Toyota Helps Honor a Century of Effort to Build National Museum
The charge began with black veterans of the Civil War. Decades later, civil rights activists assumed the mantle. Now, thanks to the new National Museum of African American History and Culture (NMAAHC), we will have a better understanding of how the African American experience has helped shape us all. The new museum, which opened last weekend in Washington, D.C., will preserve and display more than 36,000 precious artifacts of our nation’s history. Toyota has provided support as a Founding Donor and Grand Opening Sponsor.
“Toyota is proud to be a partner in preserving the priceless artifacts of African American history and culture that convey a compelling story of determination, faith, resilience and achievement,” said, Latondra Newton, Toyota group vice president, Social Innovation and Chief Diversity Officer. “This will become a lasting landmark of the rich history of the African American experience for generations.”

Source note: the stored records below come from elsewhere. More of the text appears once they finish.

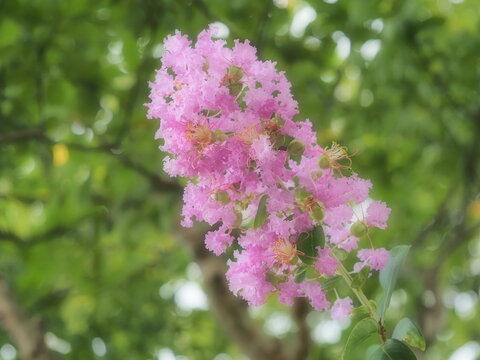 サルスベリの赤い花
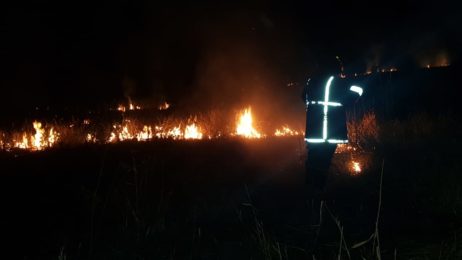 INCENDRIO EN SANTO PIPO 3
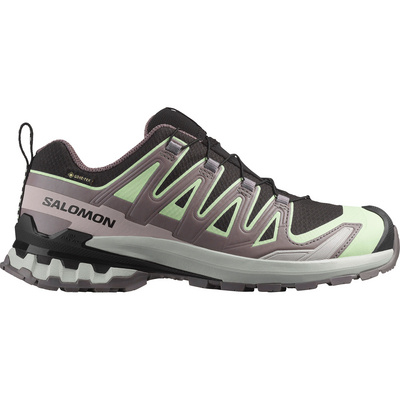 Salomon Dames Xa Pro 3D V9 GTX Schoenen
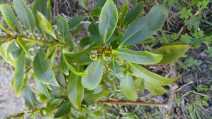 Pittosporum crassifolium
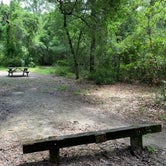Review photo of Withlacoochee SF/Croom Tract - Crooked River - Silver Lake Rec by Danae N., July 5, 2020
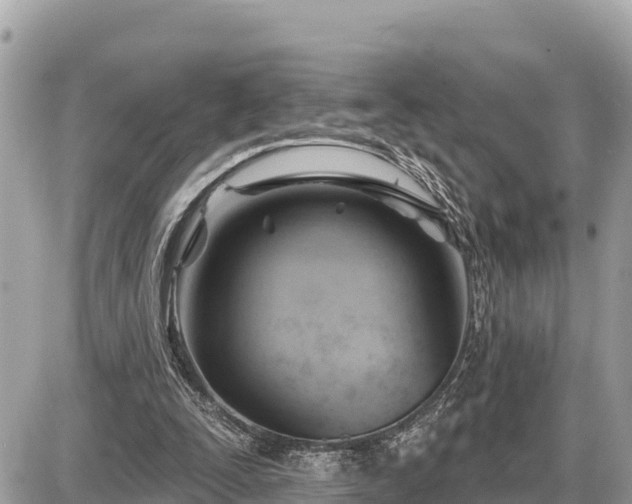 X0000087550295200705041335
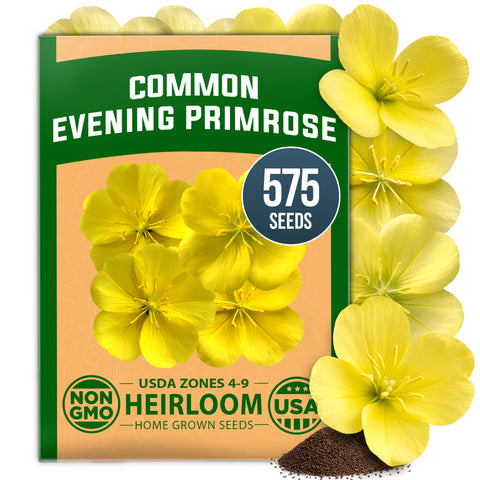 HOME GROWN Evening Primrose Seeds – 575 Heirloom Non-GMO Seeds (0.3g), Oenothera lamarckiana, Yellow Wildflowers for Pollinator Gardens, Zones 4–9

Toyota has underwritten a special ‘Century in the Making: Building the National Museum of African American History and Culture’ exhibition, which records the major milestones over the last 100 years that led to the museum’s creation, beginning with a 1916 letter from the National Memorial Association to then-President Woodrow Wilson.
In addition to historic preservation, Toyota and the museum share a commitment to reduce energy usage and conserve water. The museum has numerous environmental features including a green roof, water reuse system and use of natural daylight using the building’s exterior corona.
“We embrace not only what the museum’s designers and curators have achieved in building this historic treasure, we applaud their foresight to enrich our lives and protect our environment with this sustainable museum,” said Newton. The building is expected to achieve LEED gold certification from the U.S. Green Building Council, the highest level of any museum on the mall.